**Work request**
Down to the last character, write out the records below.

Caption-style text data:
----

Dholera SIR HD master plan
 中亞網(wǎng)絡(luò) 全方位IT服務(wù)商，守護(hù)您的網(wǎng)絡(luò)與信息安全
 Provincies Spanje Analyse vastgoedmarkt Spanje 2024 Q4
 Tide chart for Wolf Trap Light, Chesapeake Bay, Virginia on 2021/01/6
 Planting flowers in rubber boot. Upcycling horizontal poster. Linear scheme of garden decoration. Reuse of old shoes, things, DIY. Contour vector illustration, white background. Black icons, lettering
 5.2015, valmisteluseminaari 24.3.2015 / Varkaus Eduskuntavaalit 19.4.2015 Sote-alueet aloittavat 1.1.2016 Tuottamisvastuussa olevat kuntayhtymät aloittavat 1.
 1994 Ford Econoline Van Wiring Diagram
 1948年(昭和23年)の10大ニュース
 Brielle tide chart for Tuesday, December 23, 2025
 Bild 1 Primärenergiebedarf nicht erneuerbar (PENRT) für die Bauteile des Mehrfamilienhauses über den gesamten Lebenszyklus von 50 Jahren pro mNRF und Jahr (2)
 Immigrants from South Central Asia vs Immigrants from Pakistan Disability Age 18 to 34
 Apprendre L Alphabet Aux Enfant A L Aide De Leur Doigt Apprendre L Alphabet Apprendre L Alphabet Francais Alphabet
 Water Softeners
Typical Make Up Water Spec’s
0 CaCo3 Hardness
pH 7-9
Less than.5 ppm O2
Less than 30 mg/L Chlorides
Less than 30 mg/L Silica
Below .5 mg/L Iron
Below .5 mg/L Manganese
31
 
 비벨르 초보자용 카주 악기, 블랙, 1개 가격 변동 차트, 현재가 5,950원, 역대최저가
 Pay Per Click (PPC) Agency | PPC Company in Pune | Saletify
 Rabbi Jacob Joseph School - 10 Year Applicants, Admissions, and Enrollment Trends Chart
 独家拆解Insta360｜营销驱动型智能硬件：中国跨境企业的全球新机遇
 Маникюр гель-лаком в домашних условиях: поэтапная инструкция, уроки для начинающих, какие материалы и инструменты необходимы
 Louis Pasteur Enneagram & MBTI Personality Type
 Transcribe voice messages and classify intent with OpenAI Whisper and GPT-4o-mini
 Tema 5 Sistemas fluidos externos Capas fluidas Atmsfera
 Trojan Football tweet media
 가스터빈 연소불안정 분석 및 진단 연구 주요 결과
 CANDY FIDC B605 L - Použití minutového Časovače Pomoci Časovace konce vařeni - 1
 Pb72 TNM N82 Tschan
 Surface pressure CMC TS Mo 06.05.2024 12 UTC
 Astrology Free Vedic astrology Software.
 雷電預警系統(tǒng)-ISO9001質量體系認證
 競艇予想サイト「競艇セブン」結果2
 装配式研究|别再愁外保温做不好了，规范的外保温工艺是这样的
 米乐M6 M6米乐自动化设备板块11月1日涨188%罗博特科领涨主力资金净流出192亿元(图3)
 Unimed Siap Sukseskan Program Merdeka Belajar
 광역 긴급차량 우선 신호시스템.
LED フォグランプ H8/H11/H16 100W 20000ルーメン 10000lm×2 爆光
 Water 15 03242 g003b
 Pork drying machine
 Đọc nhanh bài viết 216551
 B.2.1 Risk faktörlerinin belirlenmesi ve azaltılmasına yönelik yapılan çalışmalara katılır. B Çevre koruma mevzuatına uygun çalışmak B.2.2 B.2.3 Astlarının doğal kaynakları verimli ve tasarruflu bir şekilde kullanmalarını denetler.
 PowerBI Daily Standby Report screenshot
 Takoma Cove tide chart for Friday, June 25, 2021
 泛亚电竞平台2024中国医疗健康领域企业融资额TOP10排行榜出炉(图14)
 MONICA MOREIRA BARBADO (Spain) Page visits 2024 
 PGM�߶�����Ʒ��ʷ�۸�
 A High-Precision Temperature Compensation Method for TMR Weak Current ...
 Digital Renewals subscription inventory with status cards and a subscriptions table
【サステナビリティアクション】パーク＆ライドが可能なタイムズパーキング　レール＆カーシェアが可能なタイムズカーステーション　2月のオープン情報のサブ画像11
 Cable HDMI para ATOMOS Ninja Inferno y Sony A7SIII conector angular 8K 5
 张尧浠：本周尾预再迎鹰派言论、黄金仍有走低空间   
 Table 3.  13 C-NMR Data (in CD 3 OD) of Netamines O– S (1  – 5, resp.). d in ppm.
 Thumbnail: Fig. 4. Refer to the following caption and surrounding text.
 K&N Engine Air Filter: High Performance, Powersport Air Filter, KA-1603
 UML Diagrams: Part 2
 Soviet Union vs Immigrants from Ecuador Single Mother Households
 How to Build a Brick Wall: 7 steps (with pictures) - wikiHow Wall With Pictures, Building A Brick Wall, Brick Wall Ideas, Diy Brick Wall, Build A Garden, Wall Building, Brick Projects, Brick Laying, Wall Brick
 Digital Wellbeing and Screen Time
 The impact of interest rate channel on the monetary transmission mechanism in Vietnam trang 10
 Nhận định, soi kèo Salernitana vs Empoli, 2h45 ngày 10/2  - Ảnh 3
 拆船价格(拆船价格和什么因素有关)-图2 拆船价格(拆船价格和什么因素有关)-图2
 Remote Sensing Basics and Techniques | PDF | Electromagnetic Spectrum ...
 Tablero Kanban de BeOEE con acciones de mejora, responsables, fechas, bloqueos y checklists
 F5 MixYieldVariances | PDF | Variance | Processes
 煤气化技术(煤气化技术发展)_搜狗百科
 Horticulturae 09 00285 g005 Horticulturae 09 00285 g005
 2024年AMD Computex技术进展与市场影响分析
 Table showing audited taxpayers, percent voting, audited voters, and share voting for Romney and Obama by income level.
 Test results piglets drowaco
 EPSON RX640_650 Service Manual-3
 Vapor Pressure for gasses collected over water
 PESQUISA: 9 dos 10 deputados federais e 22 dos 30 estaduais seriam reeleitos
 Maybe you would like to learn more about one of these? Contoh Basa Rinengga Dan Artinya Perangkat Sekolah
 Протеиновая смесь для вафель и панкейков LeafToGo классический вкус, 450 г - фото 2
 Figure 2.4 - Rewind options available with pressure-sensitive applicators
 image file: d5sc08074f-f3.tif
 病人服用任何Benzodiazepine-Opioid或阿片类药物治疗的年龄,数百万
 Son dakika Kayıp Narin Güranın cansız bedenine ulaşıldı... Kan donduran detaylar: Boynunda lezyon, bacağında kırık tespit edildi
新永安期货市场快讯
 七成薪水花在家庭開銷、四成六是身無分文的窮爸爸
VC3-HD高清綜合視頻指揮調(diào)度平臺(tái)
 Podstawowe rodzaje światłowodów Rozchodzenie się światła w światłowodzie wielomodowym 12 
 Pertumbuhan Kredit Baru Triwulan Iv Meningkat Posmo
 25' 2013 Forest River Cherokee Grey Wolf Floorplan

----

**Output for this task**
Dholera SIR HD master plan
 中亞網(wǎng)絡(luò) 全方位IT服務(wù)商，守護(hù)您的網(wǎng)絡(luò)與信息安全
 Provincies Spanje Analyse vastgoedmarkt Spanje 2024 Q4
 Tide chart for Wolf Trap Light, Chesapeake Bay, Virginia on 2021/01/6
 Planting flowers in rubber boot. Upcycling horizontal poster. Linear scheme of garden decoration. Reuse of old shoes, things, DIY. Contour vector illustration, white background. Black icons, lettering
 5.2015, valmisteluseminaari 24.3.2015 / Varkaus Eduskuntavaalit 19.4.2015 Sote-alueet aloittavat 1.1.2016 Tuottamisvastuussa olevat kuntayhtymät aloittavat 1.
 1994 Ford Econoline Van Wiring Diagram
 1948年(昭和23年)の10大ニュース
 Brielle tide chart for Tuesday, December 23, 2025
 Bild 1 Primärenergiebedarf nicht erneuerbar (PENRT) für die Bauteile des Mehrfamilienhauses über den gesamten Lebenszyklus von 50 Jahren pro mNRF und Jahr (2)
 Immigrants from South Central Asia vs Immigrants from Pakistan Disability Age 18 to 34
 Apprendre L Alphabet Aux Enfant A L Aide De Leur Doigt Apprendre L Alphabet Apprendre L Alphabet Francais Alphabet
 Water Softeners
Typical Make Up Water Spec’s
0 CaCo3 Hardness
pH 7-9
Less than.5 ppm O2
Less than 30 mg/L Chlorides
Less than 30 mg/L Silica
Below .5 mg/L Iron
Below .5 mg/L Manganese
31
 
 비벨르 초보자용 카주 악기, 블랙, 1개 가격 변동 차트, 현재가 5,950원, 역대최저가
 Pay Per Click (PPC) Agency | PPC Company in Pune | Saletify
 Rabbi Jacob Joseph School - 10 Year Applicants, Admissions, and Enrollment Trends Chart
 独家拆解Insta360｜营销驱动型智能硬件：中国跨境企业的全球新机遇
 Маникюр гель-лаком в домашних условиях: поэтапная инструкция, уроки для начинающих, какие материалы и инструменты необходимы
 Louis Pasteur Enneagram & MBTI Personality Type
 Transcribe voice messages and classify intent with OpenAI Whisper and GPT-4o-mini
 Tema 5 Sistemas fluidos externos Capas fluidas Atmsfera
 Trojan Football tweet media
 가스터빈 연소불안정 분석 및 진단 연구 주요 결과
 CANDY FIDC B605 L - Použití minutového Časovače Pomoci Časovace konce vařeni - 1
 Pb72 TNM N82 Tschan
 Surface pressure CMC TS Mo 06.05.2024 12 UTC
 Astrology Free Vedic astrology Software.
 雷電預警系統(tǒng)-ISO9001質量體系認證
 競艇予想サイト「競艇セブン」結果2
 装配式研究|别再愁外保温做不好了，规范的外保温工艺是这样的
 米乐M6 M6米乐自动化设备板块11月1日涨188%罗博特科领涨主力资金净流出192亿元(图3)
 Unimed Siap Sukseskan Program Merdeka Belajar
 광역 긴급차량 우선 신호시스템.
LED フォグランプ H8/H11/H16 100W 20000ルーメン 10000lm×2 爆光
 Water 15 03242 g003b
 Pork drying machine
 Đọc nhanh bài viết 216551
 B.2.1 Risk faktörlerinin belirlenmesi ve azaltılmasına yönelik yapılan çalışmalara katılır. B Çevre koruma mevzuatına uygun çalışmak B.2.2 B.2.3 Astlarının doğal kaynakları verimli ve tasarruflu bir şekilde kullanmalarını denetler.
 PowerBI Daily Standby Report screenshot
 Takoma Cove tide chart for Friday, June 25, 2021
 泛亚电竞平台2024中国医疗健康领域企业融资额TOP10排行榜出炉(图14)
 MONICA MOREIRA BARBADO (Spain) Page visits 2024 
 PGM�߶�����Ʒ��ʷ�۸�
 A High-Precision Temperature Compensation Method for TMR Weak Current ...
 Digital Renewals subscription inventory with status cards and a subscriptions table
【サステナビリティアクション】パーク＆ライドが可能なタイムズパーキング　レール＆カーシェアが可能なタイムズカーステーション　2月のオープン情報のサブ画像11
 Cable HDMI para ATOMOS Ninja Inferno y Sony A7SIII conector angular 8K 5
 张尧浠：本周尾预再迎鹰派言论、黄金仍有走低空间   
 Table 3.  13 C-NMR Data (in CD 3 OD) of Netamines O– S (1  – 5, resp.). d in ppm.
 Thumbnail: Fig. 4. Refer to the following caption and surrounding text.
 K&N Engine Air Filter: High Performance, Powersport Air Filter, KA-1603
 UML Diagrams: Part 2
 Soviet Union vs Immigrants from Ecuador Single Mother Households
 How to Build a Brick Wall: 7 steps (with pictures) - wikiHow Wall With Pictures, Building A Brick Wall, Brick Wall Ideas, Diy Brick Wall, Build A Garden, Wall Building, Brick Projects, Brick Laying, Wall Brick
 Digital Wellbeing and Screen Time
 The impact of interest rate channel on the monetary transmission mechanism in Vietnam trang 10
 Nhận định, soi kèo Salernitana vs Empoli, 2h45 ngày 10/2  - Ảnh 3
 拆船价格(拆船价格和什么因素有关)-图2 拆船价格(拆船价格和什么因素有关)-图2
 Remote Sensing Basics and Techniques | PDF | Electromagnetic Spectrum ...
 Tablero Kanban de BeOEE con acciones de mejora, responsables, fechas, bloqueos y checklists
 F5 MixYieldVariances | PDF | Variance | Processes
 煤气化技术(煤气化技术发展)_搜狗百科
 Horticulturae 09 00285 g005 Horticulturae 09 00285 g005
 2024年AMD Computex技术进展与市场影响分析
 Table showing audited taxpayers, percent voting, audited voters, and share voting for Romney and Obama by income level.
 Test results piglets drowaco
 EPSON RX640_650 Service Manual-3
 Vapor Pressure for gasses collected over water
 PESQUISA: 9 dos 10 deputados federais e 22 dos 30 estaduais seriam reeleitos
 Maybe you would like to learn more about one of these? Contoh Basa Rinengga Dan Artinya Perangkat Sekolah
 Протеиновая смесь для вафель и панкейков LeafToGo классический вкус, 450 г - фото 2
 Figure 2.4 - Rewind options available with pressure-sensitive applicators
 image file: d5sc08074f-f3.tif
 病人服用任何Benzodiazepine-Opioid或阿片类药物治疗的年龄,数百万
 Son dakika Kayıp Narin Güranın cansız bedenine ulaşıldı... Kan donduran detaylar: Boynunda lezyon, bacağında kırık tespit edildi
新永安期货市场快讯
 七成薪水花在家庭開銷、四成六是身無分文的窮爸爸
VC3-HD高清綜合視頻指揮調(diào)度平臺(tái)
 Podstawowe rodzaje światłowodów Rozchodzenie się światła w światłowodzie wielomodowym 12 
 Pertumbuhan Kredit Baru Triwulan Iv Meningkat Posmo
 25' 2013 Forest River Cherokee Grey Wolf Floorplan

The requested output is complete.